So, I am calculating the volume by revolving the region between the curves $$2x+3y=6\quad\text{and}\quad (y-1)^2=4-x$$
about
$i)$ $x=-5$
$ii)$ $y=0$
The problem is though I can't find the intersection points. I get an unbounded integral if I try to do that and I don't think that's that right approach...
Can some give me a suggestion as to how I would go about doing this problem? Thanks!

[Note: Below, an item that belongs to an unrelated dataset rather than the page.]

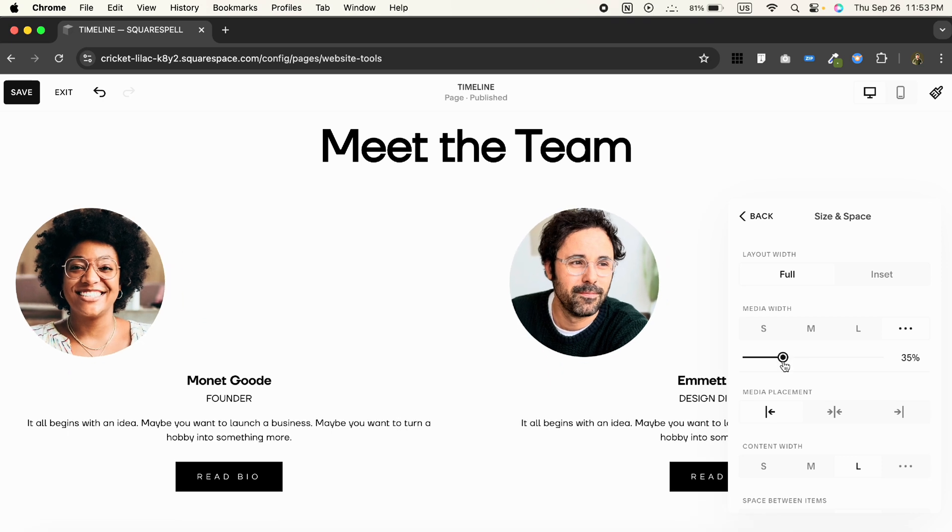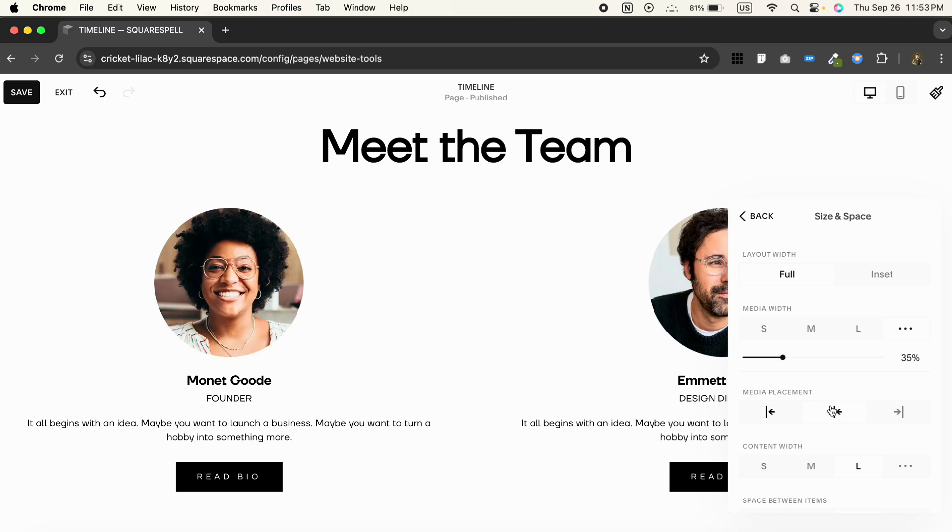This will ensure that your images don't overpower the text but are still prominent. Set the media placement to the center. For content width, make sure it's large so the text isn't cramped.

The region is given below.
The intersection occur at the points where $y=0$ and $y=\frac{7}{2}$. Let us write $$g(y)=4-(y-1)^2=-y^2+2y+3$$ and $$f(y)=\frac{6-3y}{2}.$$ If the region $R$ is revolved about the line $x=-5$, then the volume of the solid generated (by using the washer method) is given by $$V=\int_{0}^{\frac{7}{2}}\pi\bigg(\big[g(y)-(-5)\big]^2-\big[f(y)-(-5)\big]^2\bigg)dy$$ and if the region $R$ is revolved about the line $y=0$ then the volume of the solid generated (by using the shell method) is given by $$V=\int_{0}^{\frac{7}{2}}2\pi y\cdot\big[g(y)-f(y)\big]dy$$ Can you proceed with the computations?